Signed-off-by: Michel Lespinasse <walken-Y93EPB1FQwg@public.gmane.org>
---

--- net/sunrpc/xprtsock.c.orig	2008-10-23 10:43:31.000000000 -0700
+++ net/sunrpc/xprtsock.c	2008-10-23 22:10:50.000000000 -0700
@@ -1134,6 +1134,7 @@
 			transport->tcp_flags =
 				TCP_RCV_COPY_FRAGHDR | TCP_RCV_COPY_XID;
 
+			xprt->reestablish_timeout = 0;
 			xprt_wake_pending_tasks(xprt, 0);
 		}
 		spin_unlock_bh(&xprt->transport_lock);
@@ -1141,7 +1142,6 @@
 	case TCP_FIN_WAIT1:
 		/* The client initiated a shutdown of the socket */
 		xprt->connect_cookie++;
-		xprt->reestablish_timeout = 0;
 		set_bit(XPRT_CLOSING, &xprt->state);
 		smp_mb__before_clear_bit();
 		clear_bit(XPRT_CONNECTED, &xprt->state);
@@ -1154,13 +1154,6 @@
 		xprt_force_disconnect(xprt);
 	case TCP_SYN_SENT:
 		xprt->connect_cookie++;
-	case TCP_CLOSING:
-		/*
-		 * If the server closed down the connection, make sure that
-		 * we back off before reconnecting
-		 */
-		if (xprt->reestablish_timeout < XS_TCP_INIT_REEST_TO)
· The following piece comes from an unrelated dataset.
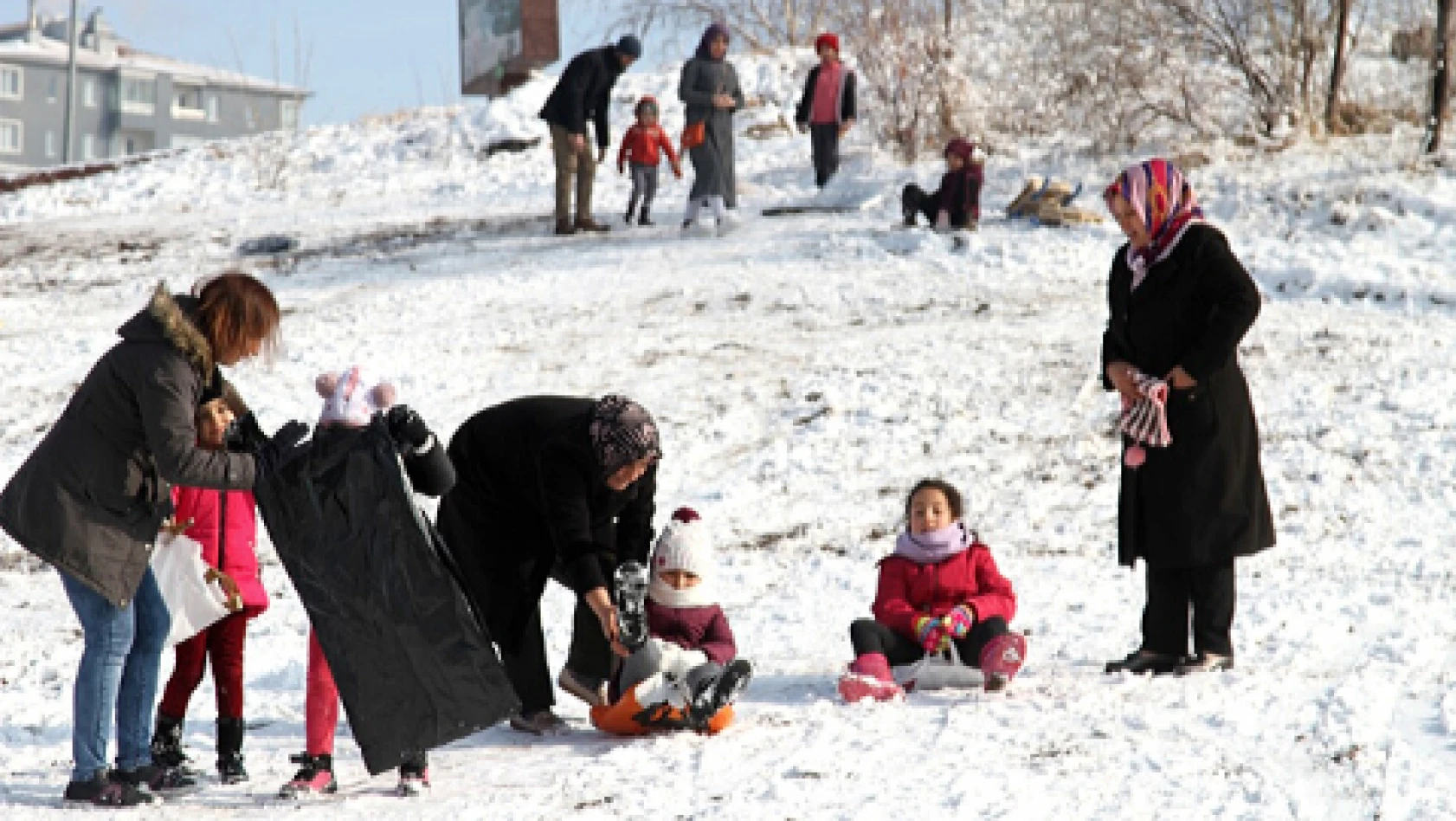 Talas'ın çocukları kış aylarında da şanslı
-			xprt->reestablish_timeout = XS_TCP_INIT_REEST_TO;
 		break;
 	case TCP_LAST_ACK:
 		smp_mb__before_clear_bit();
@@ -1755,25 +1748,25 @@
 {
 	struct rpc_xprt *xprt = task->tk_xprt;
 	struct sock_xprt *transport = container_of(xprt, struct sock_xprt, xprt);
+	unsigned long timeout;
 
 	if (xprt_test_and_set_connecting(xprt))
 		return;
 
-	if (transport->sock != NULL) {
-		dprintk("RPC:       xs_connect delayed xprt %p for %lu "
-				"seconds\n",
-				xprt, xprt->reestablish_timeout / HZ);
-		queue_delayed_work(rpciod_workqueue,
-				   &transport->connect_worker,
-				   xprt->reestablish_timeout);
+	timeout = xprt->reestablish_timeout;
+	if (xprt->prot != IPPROTO_TCP)
+		xprt->reestablish_timeout = XS_UDP_REEST_TO;
+	else if (xprt->reestablish_timeout == 0)
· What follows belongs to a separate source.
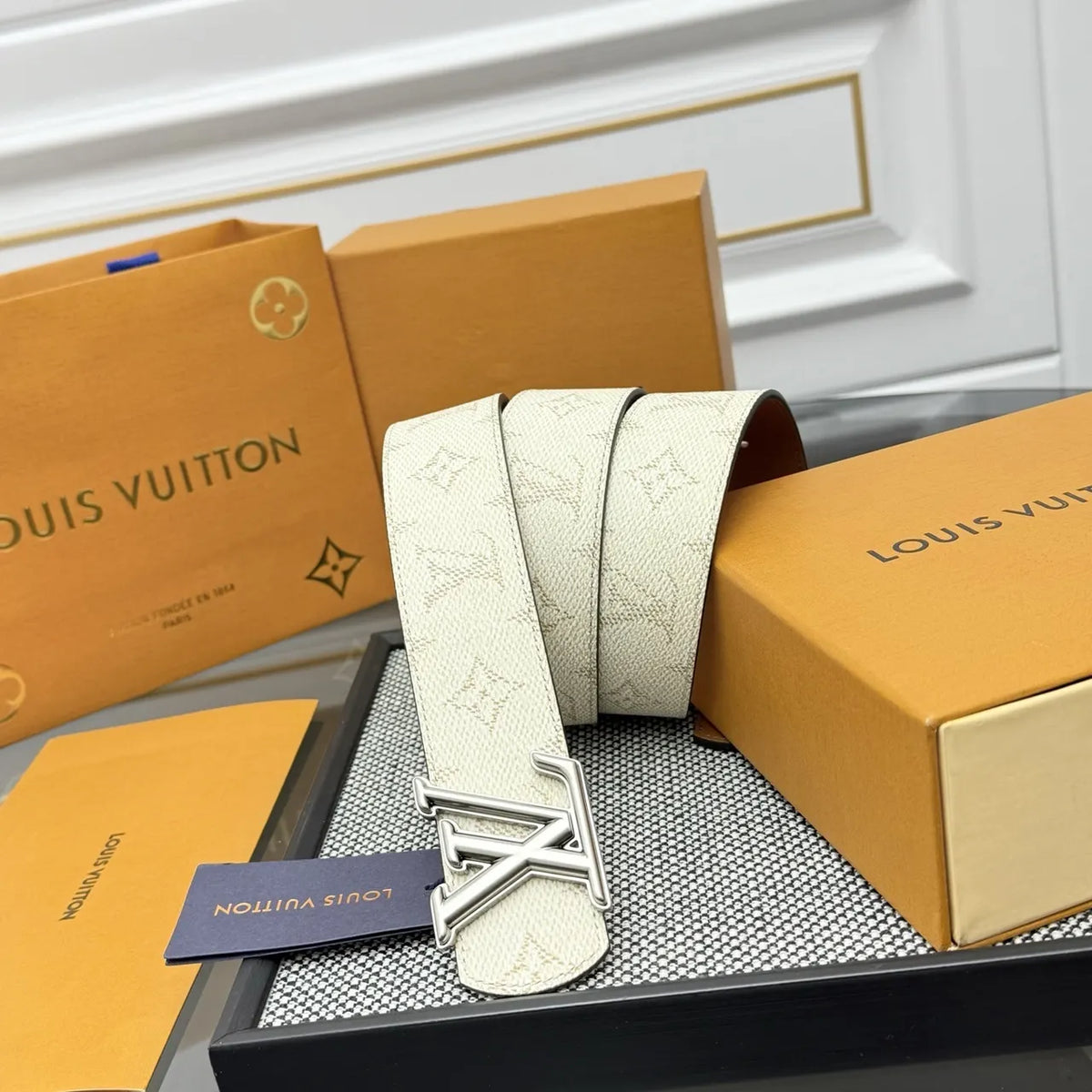 Louis Vuitton Off-White Belt - Hình 2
+		xprt->reestablish_timeout = XS_TCP_INIT_REEST_TO;
+	else {
 		xprt->reestablish_timeout <<= 1;
 		if (xprt->reestablish_timeout > XS_TCP_MAX_REEST_TO)
 			xprt->reestablish_timeout = XS_TCP_MAX_REEST_TO;
-	} else {
-		dprintk("RPC:       xs_connect scheduled xprt %p\n", xprt);
-		queue_delayed_work(rpciod_workqueue,
-				   &transport->connect_worker, 0);
 	}
+	dprintk("RPC:       xs_connect delayed xprt %p for %lu seconds\n",
+		xprt, timeout / HZ);
+	queue_delayed_work(rpciod_workqueue, &transport->connect_worker,
+			   timeout);
 }
 
 static void xs_tcp_connect(struct rpc_task *task)
@@ -1935,7 +1928,7 @@
 
 	xprt->bind_timeout = XS_BIND_TO;
 	xprt->connect_timeout = XS_UDP_CONN_TO;
-	xprt->reestablish_timeout = XS_UDP_REEST_TO;
+	xprt->reestablish_timeout = 0;
 	xprt->idle_timeout = XS_IDLE_DISC_TO;
 
 	xprt->ops = &xs_udp_ops;
@@ -2003,7 +1996,7 @@
 
 	xprt->bind_timeout = XS_BIND_TO;
 	xprt->connect_timeout = XS_TCP_CONN_TO;
-	xprt->reestablish_timeout = XS_TCP_INIT_REEST_TO;
+	xprt->reestablish_timeout = 0;
 	xprt->idle_timeout = XS_IDLE_DISC_TO;
 
 	xprt->ops = &xs_tcp_ops;


Hope this helps,

-- 
Michel "Walken" Lespinasse
A program is never fully debugged until the last user dies.